2.5. White‐Matter Tract Atlas
To evaluate the specific white‐matter (WM) tract damage in the axial plane, masks of the relevant sensory (fasciculus gracilis, fasciculus cuneatus, ventral spinocerebellar tract, spinothalamic, spinoreticular, and spino‐olivary tract) and motor (lateral and ventral corticospinal tract, rubrospinal tract, lateral and ventral reticulospinal tract, lateral and ventral vestibulospinal tract, tectospinal tract, and medial reticulospinal tract) WM tracts from the PAM50 atlas were combined [20]. The tracts were chosen to correspond to the assessed clinical scores in the ISNCSCI examination.
To capture lateralized recovery, WM tracts were divided into left and right sides. The extent of tract damage was quantified by calculating the percentage of overlap between the segmented lesion and the tract masks. Figure 1 illustrates a patient example of 3D tract damage analysis.
2.6. Lesion Parameters
TB were segmented on the midsagittal slice of a T2‐w scan, following previously reported methods [5, 6, 14]. Ventral and dorsal bridges were assessed separately and combined to calculate the total TB. Lesion volume was determined by manually delineating the lesion area on each sagittal slice of the spinal cord. The total lesion area was summed and multiplied by the sagittal scan's slice thickness to obtain the final lesion volume. Lesion positions on sagittal T2‐weighted MRI were categorized into four types based on the presence of intact TB: (1) centrally located, with both ventral and dorsal bridges intact; (2) ventrally located, with only dorsal bridges intact; (3) dorsally located, with only ventral bridges intact; and (4) complete, with no intact TB.
2.7. Statistical Analysis
All statistical analyses were conducted using R (version 4.3.1).

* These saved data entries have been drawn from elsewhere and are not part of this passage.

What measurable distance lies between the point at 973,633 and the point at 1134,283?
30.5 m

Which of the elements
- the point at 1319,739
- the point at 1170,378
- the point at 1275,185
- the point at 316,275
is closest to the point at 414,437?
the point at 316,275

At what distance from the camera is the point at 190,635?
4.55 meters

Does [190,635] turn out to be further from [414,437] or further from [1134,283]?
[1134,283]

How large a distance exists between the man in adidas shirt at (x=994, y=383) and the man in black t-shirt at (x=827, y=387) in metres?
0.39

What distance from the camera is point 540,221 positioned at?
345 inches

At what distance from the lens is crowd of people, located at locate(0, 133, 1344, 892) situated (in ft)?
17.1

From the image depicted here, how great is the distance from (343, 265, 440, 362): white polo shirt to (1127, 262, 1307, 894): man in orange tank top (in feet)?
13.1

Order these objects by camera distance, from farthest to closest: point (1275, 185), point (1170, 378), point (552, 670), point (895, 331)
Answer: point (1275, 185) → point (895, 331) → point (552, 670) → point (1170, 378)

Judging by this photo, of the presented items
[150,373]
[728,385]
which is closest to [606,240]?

Sensory and motor tract damage across different lesion types (central, ventral, dorsal, and complete) was compared using independent samples two‐tailed t‐tests.
The predictive value of early tract damage for later clinical recovery was evaluated using a linear mixed model. Left and right motor tract damage at 1‐month post‐injury were used to predict left and right motor score changes at 6‐month, while left and right sensory tract damage at 1‐month was used to predict left and right pinprick score changes at 6‐month.

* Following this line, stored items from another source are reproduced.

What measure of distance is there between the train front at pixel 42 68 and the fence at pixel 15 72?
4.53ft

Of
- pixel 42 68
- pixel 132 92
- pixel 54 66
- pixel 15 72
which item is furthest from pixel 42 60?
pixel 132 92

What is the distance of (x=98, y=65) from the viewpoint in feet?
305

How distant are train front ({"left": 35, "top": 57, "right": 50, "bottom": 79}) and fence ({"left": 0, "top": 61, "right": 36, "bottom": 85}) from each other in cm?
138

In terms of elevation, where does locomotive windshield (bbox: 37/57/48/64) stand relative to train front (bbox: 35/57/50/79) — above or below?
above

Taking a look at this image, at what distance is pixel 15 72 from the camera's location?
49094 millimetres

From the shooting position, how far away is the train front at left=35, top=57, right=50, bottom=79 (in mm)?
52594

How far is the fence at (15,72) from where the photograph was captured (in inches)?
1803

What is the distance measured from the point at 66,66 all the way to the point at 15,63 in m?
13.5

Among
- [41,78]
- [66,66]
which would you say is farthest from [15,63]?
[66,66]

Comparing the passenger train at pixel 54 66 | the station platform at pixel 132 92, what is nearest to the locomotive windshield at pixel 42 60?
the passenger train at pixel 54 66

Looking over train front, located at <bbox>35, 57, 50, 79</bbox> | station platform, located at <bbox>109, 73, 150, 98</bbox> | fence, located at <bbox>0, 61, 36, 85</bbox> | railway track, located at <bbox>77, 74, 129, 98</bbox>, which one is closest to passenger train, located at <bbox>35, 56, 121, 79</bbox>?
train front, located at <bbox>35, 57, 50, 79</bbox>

MRI parameters and clinical outcomes at 6‐month post‐injury were compared using a general linear model. Relationships between tract damage and corresponding clinical scores, as well as 2D TB and lesion volume, were assessed. MRI parameters and clinical scores at 6 months were selected for this analysis, as they stabilize by then.
Demographic and clinical variables were presented as means with 95% CI. All statistical tests were corrected for age, sex, and center as covariates of no interest, and only results with a significance threshold of p < 0.05 were reported.
3. Results
At baseline, SCI patients had a total mean motor score of 31.82 (95% CI: 25.63–38.01), which improved over time by 4.95/month (95% CI: 3.89–5.89, p < 0.001). Light touch, with a mean baseline score of 60.59 (95% CI: 67.03–83.35), improved by 2.28/month (95% CI: 1.43–3.12, p < 0.001). Pinprick, with a mean baseline score of 34.81 (95% CI: 25.56–44.07), improved by 2.06/month (95% CI: 1.21–2.91, p < 0.001).
At baseline, mean lesion volume was 381.82 mm3 (95% CI: 295.78–467.87), decreasing by −14.04 mm3/month (95% CI: −25.39 to −1.56, p = 0.023). Sensory tract damage, with a baseline mean of 69.57% (95% CI: 66.04–73.11), decreased by −0.69%/month (95% CI: −1.29 to 0.09, p = 0.05), while motor tract damage, at a baseline mean of 63.07% (95% CI: 57.86–68.28), showed no significant change, with a rate of 0.02%/month (95% CI: −0.81 to 1.02, p = 0.97) (Table 2). Larger sensory tract damage was observed at baseline compared to motor tract damage (p = 0.049).
TABLE 2.
Linear mixed‐effects model to illustrate structural changes of the tract damage and clinical scores over 6 months.
| Outcome variable | Standardized regression coefficient (95% CI) | Number of patients | p | R 2 marginal | R 2 conditional |
|---|---|---|---|---|---|
| Volume | −0.47 (−0.085 to −0.005) | 35 | 0.02 | 0.15 | 0.56 |
| Sensory tracts | −0.02 (−0.043 to 0.003) | 35 | 0.05 | 0.28 | 0.57 |
| Motor tracts | 0.00 (0.027 to 0.034) | 35 | 0.97 | 0.18 | 0.55 |
| Motor score | 0.16 (0.13 to 0.2) | 35 | < 0.001 | 0.22 | 0.86 |
| Pinprick score | 0.067 (0.04 to 0.1) | 35 | < 0.001 | 0.37 | 0.89 |
| Light Touch score | 0.08 (0.048 to 0.104) | 35 | < 0.001 | 0.26 | 0.87 |
Note: Age, sex, and center are put in the model as covariates of no interest.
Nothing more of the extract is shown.